Consuming food such as these can lead to inflammation:
- Refined sugars
- Processed and refined flours (white bread, cookies, pasta, crackers, and more)
- Foods high in acids
- Dairy products
- Animal fats
- Food Allergens (hidden food allergies cause body and brain inflammation)
Environmental and lifestyle factors also affect inflammation:
- Exposure to toxic metals (mercury, lead, cadmium)
- History of infections
- Environmental toxins (pesticides, herbicides, food additives and preservatives)
- Chronic stress
- Lack of exercise, sedentary habits
- Nutritional deficiencies (B12, vitamin D, essential fatty acids, vitamin C)
- Overuse of antibiotics and acid blocking medications
- Poor sleep habits
Inflammation Reduction Strategies
The good news is that there are several things you can do to promote your body’s natural anti-inflammatory response and restore natural balance to your immune system.
- Exercise stimulates your body’s anti-inflammatory abilities and keeps your blood circulating at its optimum level. Begin slowly, and work your way up until you are getting 20-30 minutes of exercise at least 3 times per week.
- Rest and stress management are vital to keeping your immune system in proper working order. Make sure you are getting enough good sleep, and find a relaxation technique that you enjoy. Deep-breathing exercises are an excellent restorative approach that can easily be done every day several times.
Eat An Anti-Inflammatory Diet
- Make sure you’re getting plenty of Omega-3 fatty acids. These oils are in short supply in our diet, and most people require a supplement to ensure they are getting enough Omega-3s in their system.
- Avoid regular safflower and sunflower oils, corn oil, cottonseed oil, and mixed vegetable oils. Focus instead on olive oil, nut oils and coconut oil.
- Avoid margarine, vegetable shortening, and all products listing them as ingredients. Avoid products made with partially hydrogenated oils.
- Eat avocados and nuts, especially walnuts, cashews, almonds, and nut butters made from these nuts.
- Good sources of omega-3 fatty acids are salmon (preferably fresh or frozen wild sockeye or Alaskan), sardines packed in water or olive oil, herring, omega-3 fortified eggs, hemp seeds and flaxseeds (preferably freshly ground, use cautiously if you are male as flax is high in estrogen), or take a fish oil supplement.
- A high-alkaline diet – one that includes plenty of green, leafy vegetables – is invaluable in combating inflammation.

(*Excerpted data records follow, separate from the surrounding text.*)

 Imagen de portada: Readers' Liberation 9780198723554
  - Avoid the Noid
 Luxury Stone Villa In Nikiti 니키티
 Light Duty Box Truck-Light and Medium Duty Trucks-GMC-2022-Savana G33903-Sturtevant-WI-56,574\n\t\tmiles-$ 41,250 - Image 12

- Eat cruciferous (cabbage-family) vegetables regularly. Eat plenty of organic brightly colored fruits. Drink pomegranate juice, and green tea daily for their anti-oxidant effects.

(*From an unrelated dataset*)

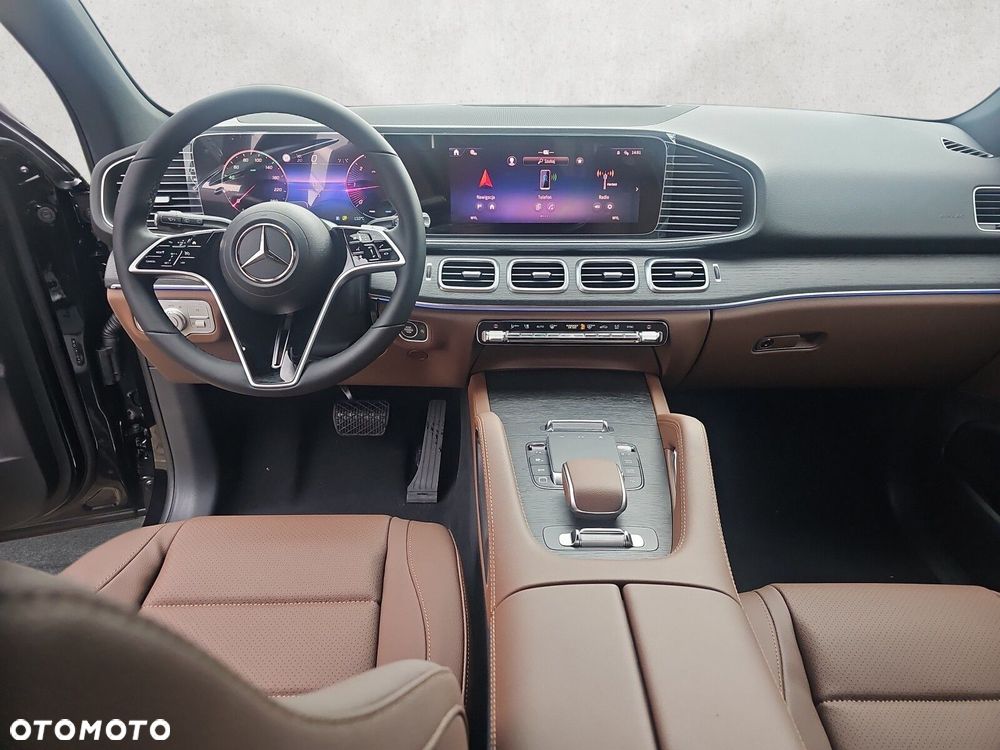Mercedes-Benz GLE - 13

- Eat more vegetable protein from soy products such as tofu, edamame, soynuts, and soymilk.
- Whole grains, brown rice, and bulgur wheat are less inflammatory than white flour products.
- Stay away from refined foods. Added sugars, convenience foods, and refined carbohydrates provide little nutritional value and provoke inflammation. In other words read your nutritional labels!

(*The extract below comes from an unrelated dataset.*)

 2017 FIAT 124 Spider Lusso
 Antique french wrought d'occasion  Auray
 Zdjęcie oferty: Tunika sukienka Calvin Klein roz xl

- Consider taking an anti-inflammatory supplement such as these which are high in bioflavonoids and other beneficial anti-inflammatory agents that are useful in reducing inflammation: Digestive Enzymes, Turmeric, Omega 3 Fatty Acids (fish oil), Anti-inflammatory powder drinks, Herbal anti-inflammatory supplements
By making a few simple changes to your diet and lifestyle, you can find yourself feeling energized, refreshed, and filled with a sense of well-being. By taking steps to reduce inflammation, you will greatly improve the quality of your life.